§ Work item
Each entry in the material below should be copied without any alteration.

§ Data for this exercise
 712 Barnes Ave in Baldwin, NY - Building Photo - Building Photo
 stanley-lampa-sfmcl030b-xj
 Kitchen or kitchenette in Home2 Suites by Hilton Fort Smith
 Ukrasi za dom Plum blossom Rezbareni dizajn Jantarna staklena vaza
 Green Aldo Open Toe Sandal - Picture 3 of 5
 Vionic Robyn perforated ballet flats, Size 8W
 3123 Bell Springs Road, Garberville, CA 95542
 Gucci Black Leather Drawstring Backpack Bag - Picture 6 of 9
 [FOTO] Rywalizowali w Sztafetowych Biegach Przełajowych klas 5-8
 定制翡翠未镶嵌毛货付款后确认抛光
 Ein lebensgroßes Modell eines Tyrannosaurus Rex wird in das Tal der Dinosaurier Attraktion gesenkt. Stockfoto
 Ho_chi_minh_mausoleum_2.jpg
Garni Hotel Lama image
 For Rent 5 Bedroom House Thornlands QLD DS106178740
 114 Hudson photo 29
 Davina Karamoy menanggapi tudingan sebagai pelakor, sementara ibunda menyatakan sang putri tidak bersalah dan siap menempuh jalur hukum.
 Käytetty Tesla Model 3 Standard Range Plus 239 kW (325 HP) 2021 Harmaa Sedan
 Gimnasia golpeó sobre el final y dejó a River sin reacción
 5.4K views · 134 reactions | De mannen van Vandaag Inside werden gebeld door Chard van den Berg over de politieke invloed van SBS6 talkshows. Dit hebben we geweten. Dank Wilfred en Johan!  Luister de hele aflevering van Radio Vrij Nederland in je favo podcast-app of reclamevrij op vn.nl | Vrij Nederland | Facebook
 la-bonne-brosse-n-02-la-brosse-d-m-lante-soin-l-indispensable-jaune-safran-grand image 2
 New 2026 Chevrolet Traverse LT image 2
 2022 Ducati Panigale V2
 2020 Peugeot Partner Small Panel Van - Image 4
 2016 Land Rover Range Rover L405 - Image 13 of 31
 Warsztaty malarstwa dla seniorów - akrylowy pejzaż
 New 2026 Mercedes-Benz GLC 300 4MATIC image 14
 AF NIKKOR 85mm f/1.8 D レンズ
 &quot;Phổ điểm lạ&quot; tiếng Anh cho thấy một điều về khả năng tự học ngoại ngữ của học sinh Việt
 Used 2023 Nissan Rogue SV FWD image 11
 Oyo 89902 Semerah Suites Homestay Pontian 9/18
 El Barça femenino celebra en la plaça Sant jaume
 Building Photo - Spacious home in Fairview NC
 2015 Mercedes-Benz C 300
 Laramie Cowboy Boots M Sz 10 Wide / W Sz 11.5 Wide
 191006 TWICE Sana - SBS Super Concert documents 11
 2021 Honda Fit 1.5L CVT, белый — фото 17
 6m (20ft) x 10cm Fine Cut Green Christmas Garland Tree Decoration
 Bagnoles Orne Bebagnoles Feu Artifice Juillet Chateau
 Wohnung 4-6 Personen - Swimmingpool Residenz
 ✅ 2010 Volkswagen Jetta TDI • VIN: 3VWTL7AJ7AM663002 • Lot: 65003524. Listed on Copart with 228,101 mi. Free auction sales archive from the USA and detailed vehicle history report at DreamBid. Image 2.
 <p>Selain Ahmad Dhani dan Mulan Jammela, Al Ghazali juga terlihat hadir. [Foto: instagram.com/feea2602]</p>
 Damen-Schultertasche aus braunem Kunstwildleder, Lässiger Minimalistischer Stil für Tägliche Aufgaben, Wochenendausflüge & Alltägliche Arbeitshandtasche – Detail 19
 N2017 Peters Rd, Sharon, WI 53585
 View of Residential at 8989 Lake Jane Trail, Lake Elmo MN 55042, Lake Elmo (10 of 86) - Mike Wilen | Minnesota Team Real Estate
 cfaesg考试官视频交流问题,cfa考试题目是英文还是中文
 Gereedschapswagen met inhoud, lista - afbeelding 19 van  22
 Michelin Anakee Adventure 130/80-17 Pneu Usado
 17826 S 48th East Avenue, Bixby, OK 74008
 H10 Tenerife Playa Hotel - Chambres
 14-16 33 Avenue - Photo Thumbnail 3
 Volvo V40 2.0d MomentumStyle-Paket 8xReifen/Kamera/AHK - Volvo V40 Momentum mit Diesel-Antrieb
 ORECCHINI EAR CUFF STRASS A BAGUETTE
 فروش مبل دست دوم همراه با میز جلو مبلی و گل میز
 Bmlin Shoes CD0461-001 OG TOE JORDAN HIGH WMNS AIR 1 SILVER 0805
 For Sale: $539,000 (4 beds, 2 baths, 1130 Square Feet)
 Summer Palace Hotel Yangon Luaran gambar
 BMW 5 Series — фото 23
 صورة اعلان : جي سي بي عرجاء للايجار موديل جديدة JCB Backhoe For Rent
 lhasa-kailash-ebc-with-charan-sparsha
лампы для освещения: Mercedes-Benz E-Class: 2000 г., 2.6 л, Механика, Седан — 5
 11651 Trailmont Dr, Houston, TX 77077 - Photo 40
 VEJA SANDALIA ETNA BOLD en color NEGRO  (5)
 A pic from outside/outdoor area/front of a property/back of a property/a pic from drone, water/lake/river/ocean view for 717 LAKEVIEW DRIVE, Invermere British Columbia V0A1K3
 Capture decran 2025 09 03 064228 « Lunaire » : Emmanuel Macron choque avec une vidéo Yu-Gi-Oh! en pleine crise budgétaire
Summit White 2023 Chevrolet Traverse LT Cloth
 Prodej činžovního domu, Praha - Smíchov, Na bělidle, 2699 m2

§ Completed exercise
 712 Barnes Ave in Baldwin, NY - Building Photo - Building Photo
 stanley-lampa-sfmcl030b-xj
 Kitchen or kitchenette in Home2 Suites by Hilton Fort Smith
 Ukrasi za dom Plum blossom Rezbareni dizajn Jantarna staklena vaza
 Green Aldo Open Toe Sandal - Picture 3 of 5
 Vionic Robyn perforated ballet flats, Size 8W
 3123 Bell Springs Road, Garberville, CA 95542
 Gucci Black Leather Drawstring Backpack Bag - Picture 6 of 9
 [FOTO] Rywalizowali w Sztafetowych Biegach Przełajowych klas 5-8
 定制翡翠未镶嵌毛货付款后确认抛光
 Ein lebensgroßes Modell eines Tyrannosaurus Rex wird in das Tal der Dinosaurier Attraktion gesenkt. Stockfoto
 Ho_chi_minh_mausoleum_2.jpg
Garni Hotel Lama image
 For Rent 5 Bedroom House Thornlands QLD DS106178740
 114 Hudson photo 29
 Davina Karamoy menanggapi tudingan sebagai pelakor, sementara ibunda menyatakan sang putri tidak bersalah dan siap menempuh jalur hukum.
 Käytetty Tesla Model 3 Standard Range Plus 239 kW (325 HP) 2021 Harmaa Sedan
 Gimnasia golpeó sobre el final y dejó a River sin reacción
 5.4K views · 134 reactions | De mannen van Vandaag Inside werden gebeld door Chard van den Berg over de politieke invloed van SBS6 talkshows. Dit hebben we geweten. Dank Wilfred en Johan!  Luister de hele aflevering van Radio Vrij Nederland in je favo podcast-app of reclamevrij op vn.nl | Vrij Nederland | Facebook
 la-bonne-brosse-n-02-la-brosse-d-m-lante-soin-l-indispensable-jaune-safran-grand image 2
 New 2026 Chevrolet Traverse LT image 2
 2022 Ducati Panigale V2
 2020 Peugeot Partner Small Panel Van - Image 4
 2016 Land Rover Range Rover L405 - Image 13 of 31
 Warsztaty malarstwa dla seniorów - akrylowy pejzaż
 New 2026 Mercedes-Benz GLC 300 4MATIC image 14
 AF NIKKOR 85mm f/1.8 D レンズ
 &quot;Phổ điểm lạ&quot; tiếng Anh cho thấy một điều về khả năng tự học ngoại ngữ của học sinh Việt
 Used 2023 Nissan Rogue SV FWD image 11
 Oyo 89902 Semerah Suites Homestay Pontian 9/18
 El Barça femenino celebra en la plaça Sant jaume
 Building Photo - Spacious home in Fairview NC
 2015 Mercedes-Benz C 300
 Laramie Cowboy Boots M Sz 10 Wide / W Sz 11.5 Wide
 191006 TWICE Sana - SBS Super Concert documents 11
 2021 Honda Fit 1.5L CVT, белый — фото 17
 6m (20ft) x 10cm Fine Cut Green Christmas Garland Tree Decoration
 Bagnoles Orne Bebagnoles Feu Artifice Juillet Chateau
 Wohnung 4-6 Personen - Swimmingpool Residenz
 ✅ 2010 Volkswagen Jetta TDI • VIN: 3VWTL7AJ7AM663002 • Lot: 65003524. Listed on Copart with 228,101 mi. Free auction sales archive from the USA and detailed vehicle history report at DreamBid. Image 2.
 <p>Selain Ahmad Dhani dan Mulan Jammela, Al Ghazali juga terlihat hadir. [Foto: instagram.com/feea2602]</p>
 Damen-Schultertasche aus braunem Kunstwildleder, Lässiger Minimalistischer Stil für Tägliche Aufgaben, Wochenendausflüge & Alltägliche Arbeitshandtasche – Detail 19
 N2017 Peters Rd, Sharon, WI 53585
 View of Residential at 8989 Lake Jane Trail, Lake Elmo MN 55042, Lake Elmo (10 of 86) - Mike Wilen | Minnesota Team Real Estate
 cfaesg考试官视频交流问题,cfa考试题目是英文还是中文
 Gereedschapswagen met inhoud, lista - afbeelding 19 van  22
 Michelin Anakee Adventure 130/80-17 Pneu Usado
 17826 S 48th East Avenue, Bixby, OK 74008
 H10 Tenerife Playa Hotel - Chambres
 14-16 33 Avenue - Photo Thumbnail 3
 Volvo V40 2.0d MomentumStyle-Paket 8xReifen/Kamera/AHK - Volvo V40 Momentum mit Diesel-Antrieb
 ORECCHINI EAR CUFF STRASS A BAGUETTE
 فروش مبل دست دوم همراه با میز جلو مبلی و گل میز
 Bmlin Shoes CD0461-001 OG TOE JORDAN HIGH WMNS AIR 1 SILVER 0805
 For Sale: $539,000 (4 beds, 2 baths, 1130 Square Feet)
 Summer Palace Hotel Yangon Luaran gambar
 BMW 5 Series — фото 23
 صورة اعلان : جي سي بي عرجاء للايجار موديل جديدة JCB Backhoe For Rent
 lhasa-kailash-ebc-with-charan-sparsha
лампы для освещения: Mercedes-Benz E-Class: 2000 г., 2.6 л, Механика, Седан — 5
 11651 Trailmont Dr, Houston, TX 77077 - Photo 40
 VEJA SANDALIA ETNA BOLD en color NEGRO  (5)
 A pic from outside/outdoor area/front of a property/back of a property/a pic from drone, water/lake/river/ocean view for 717 LAKEVIEW DRIVE, Invermere British Columbia V0A1K3
 Capture decran 2025 09 03 064228 « Lunaire » : Emmanuel Macron choque avec une vidéo Yu-Gi-Oh! en pleine crise budgétaire
Summit White 2023 Chevrolet Traverse LT Cloth
 Prodej činžovního domu, Praha - Smíchov, Na bělidle, 2699 m2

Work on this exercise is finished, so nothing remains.